ともかく、団鬼六の小説は私小説としてよくできていて面白い。俗っぽい雰囲気をもつ作品から悲哀の籠もった人情モノまで、その才能を発揮しているし、時々サドやマゾッホの言葉を引用するのにも、観念的に閉じることのないセンスを感じさせる。

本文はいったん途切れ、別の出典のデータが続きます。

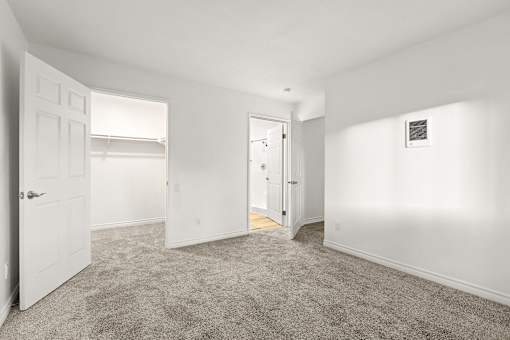 A room with white walls and carpeted floor with two doors.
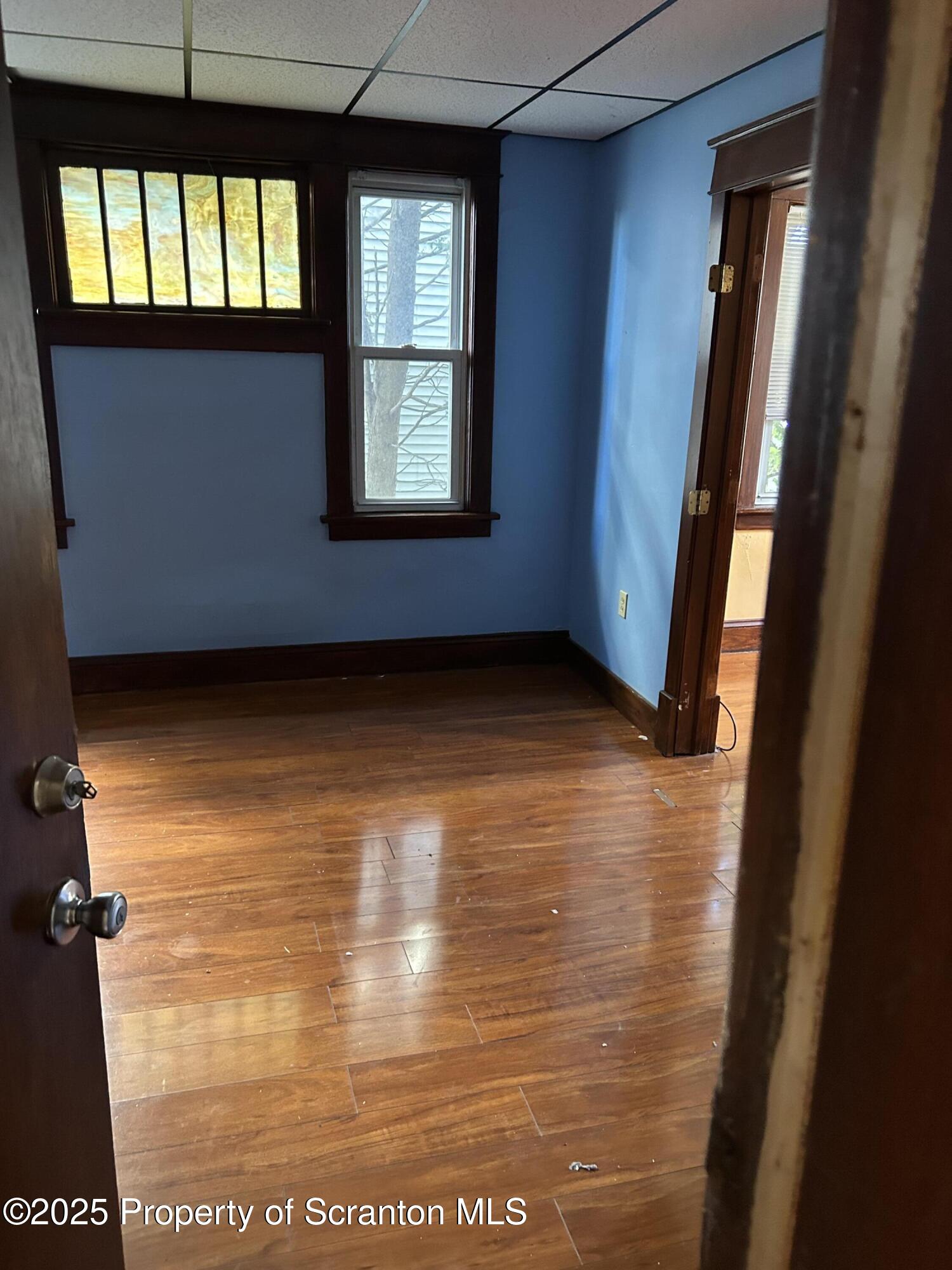 510 Moltke Avenue, Unit FIRST FLOOR #1 Scranton, PA 18505 - Photo 9 of 27 a view of an empty room with wooden floor and a window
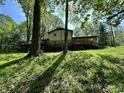 Exterior view of the home showcasing the deck and the surrounding yard at 1760 Pumpkinvine Hill Rd, Martinsville, IN 46151
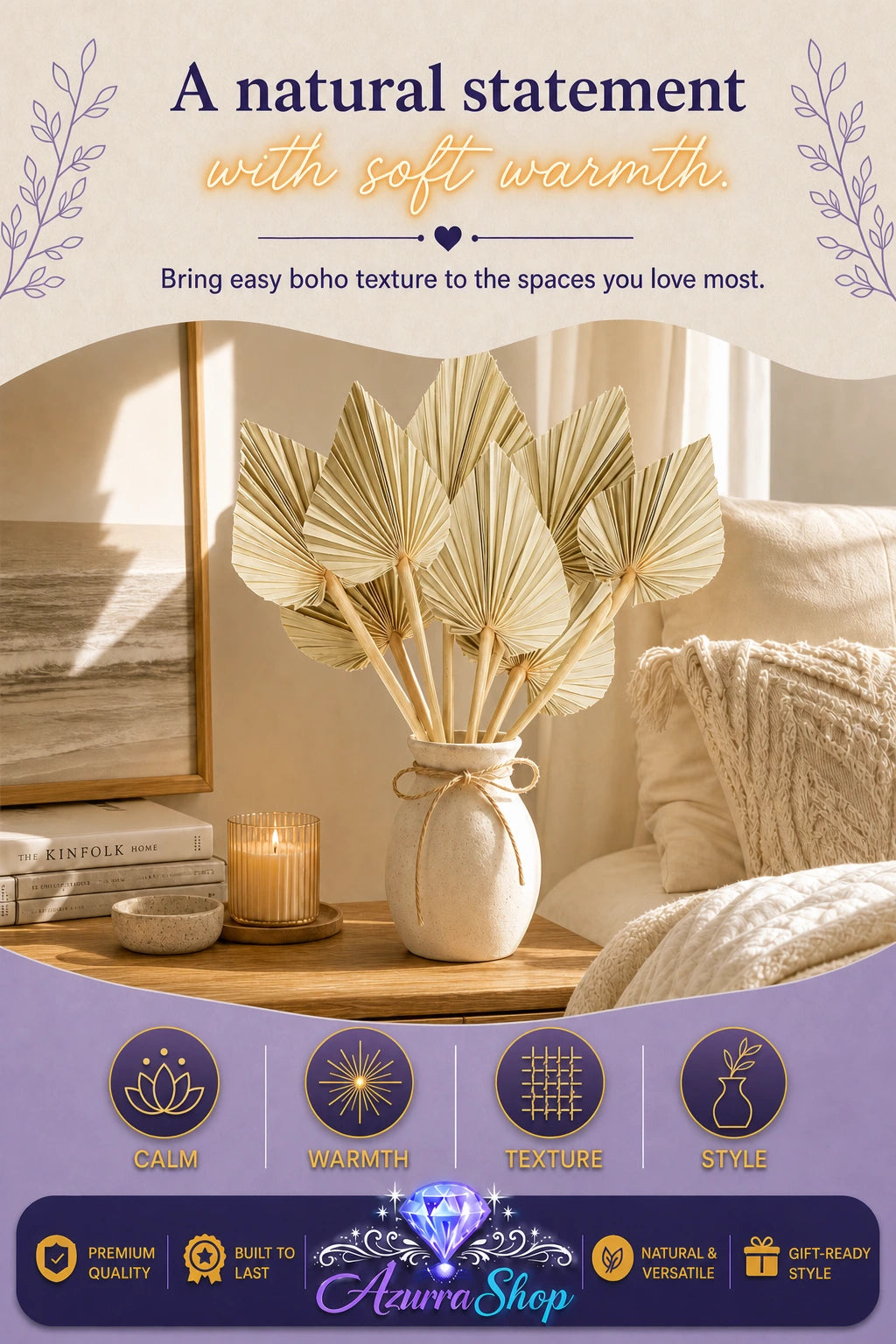 Dried palm fan leaves tied with twine in a speckled cream vase on a wooden nightstand next to a lit candle, ocean art print, and a knit throw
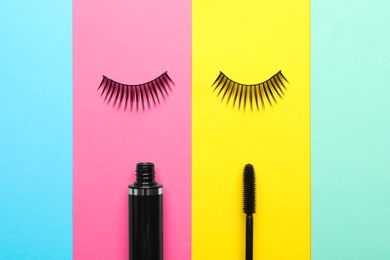 False eyelashes and mascara on color background, flat lay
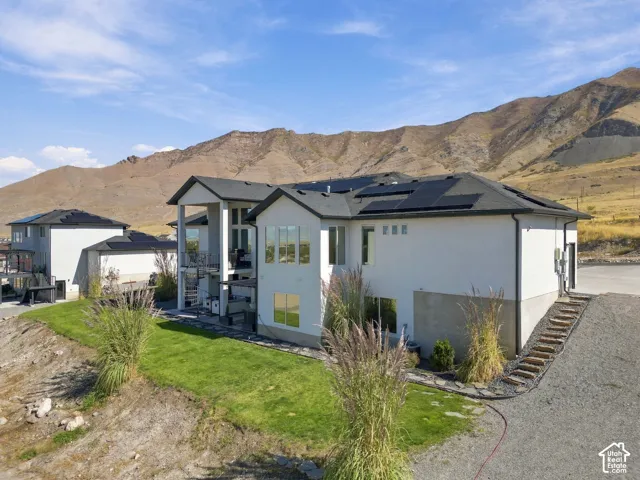 Contemporary exterior with a white stucco finish, dark roof, and solar panels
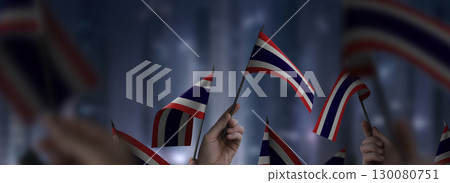 Thailand flags in their hands on a blurred urban background 130080751
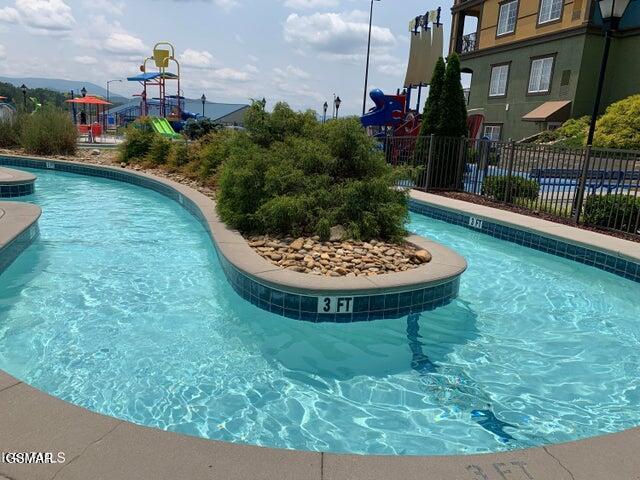 view of pool featuring fence and playground community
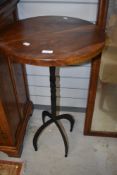 A modern hardwood and wrought iron occasional table , height approx. 81cm, diameter 47cm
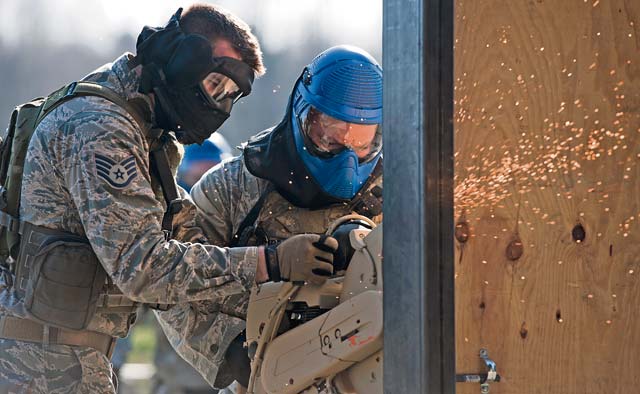 Photo by Senior Airman Damon KasbergStaff Sgt. Cliff Coppenbarger (left), 435th Security Forces Squadron cadre, helps Staff Sgt. Brandon Burress, 701st Munitions Support Squadron custody forces member, breach a door during the Battlefield Leaders Assaulters Course March 11, 2014, on Ramstein.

それにしてもロマンポルノをもっと上映して欲しい。新橋ロマンや池袋シネロマンでさえ、つまらないピンク映画を上映することが多いし、この夏実家のある岡山に帰省したとき、日活の直営映画館(確か全国に十数館しかなかったはず)に行ってみたが、やはり最近のピンク映画を上映していた。ピンク映画館に行くとやたらと男同士の情交に出くわすし、ロマンポルノの名作を上映すれば今でもたくさんのファンが駆けつけるはずなのに、何か上映できない問題でもあるのだろうか。神代辰巳田中登の傑作をスクリーンで観たいと切に願う。もう20年早く生まれていればなぁ…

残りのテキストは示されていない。